The topo-tomography method7 is similar to X-ray computed tomography in that the sample is rotated and the three-dimensional distribution is calculated from the topogram obtained at each rotational angle. It has been combined with white synchrotron radiation (SR) to perform three-dimensional observation of dislocation propagations in the early stage of Czochralski silicon crystal growth8. However, the spatial resolution is mainly determined by the X-ray imager and the distance between the sample and the X-ray imager (working distance (WD)), as in the case of X-ray micro-CT with parallel beam geometry, and is about 10 μm at minimum. In addition, transmission geometry is generally used for bulk material evaluation and is not suit for the observation of the surface of flat samples such as semiconductor devices because the bulk information is mixed. To overcome this problem, a method incorporating laminography has been developed for planar samples and has been successfully utilized to visualize dislocation loops9 and slip-band formation at prior mechanical damage10 in silicon wafers. However, the spatial resolution remains at 3 μm.
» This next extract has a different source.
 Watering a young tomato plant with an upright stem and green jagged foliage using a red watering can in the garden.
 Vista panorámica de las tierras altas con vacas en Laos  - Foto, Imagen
Scanning micro-topography detects the crystallinity from the diffracted X-ray intensity at each irradiation point by scanning the focused X-rays on a sample. A three-dimensional strain image of the region where a basal plane dislocation was converted to a screw dislocation was observed with a spatial resolution of about 1 μm11, 12. However, the field of view was limited to 100 μm and required a long measurement time. In short, there is currently no method to evaluate the crystallinity of flat samples such as semiconductor devices in three dimensions with a spatial resolution of 1 μm over a large (more than 1 mm2) field of view.

In light of this background, we have developed a novel three-dimensional micro X-ray topography (3D μ-XRT) that combines conventional sectional topography in the Bragg case with focused sheet-shaped X-rays. The depth resolution, depending on the focused X-ray beam size, is expected to reach 1 μm with a large field of view thanks to utilizing a state-of-the-art X-ray focusing system with aspheric total reflection mirrors. In addition, the measurement time can be shortened by using one-dimensional scanning.

Results

We conducted a feasibility test of the 3D μ-XRT using the monochromatic SR of 1.0 μm and 2 mm in the vertical and horizontal directions, respectively, formed by the focusing system at BL16XU of SPring-8. SiC (2-2010) X-ray diffraction of a 4H-SiC power device chip (3.3-kV double-implanted SiC MOSFET13) consisting of a 30-μm epitaxial layer on the surface and 4°-off-cut (0001) was used. The SR energy was set to 10.5 keV, the calculated incident angle (ω) was 10.2 degrees, the exit angle (2θ) was 84.3 degrees, and the X-ray penetration depth was 40 μm. The sample was scanned along the sample surface (Y-axis) with 2.5-μm steps. The number of scanning points was 3,500, each topogram was acquired with an exposure time of 2 s, and the total measurement time was about 2 h.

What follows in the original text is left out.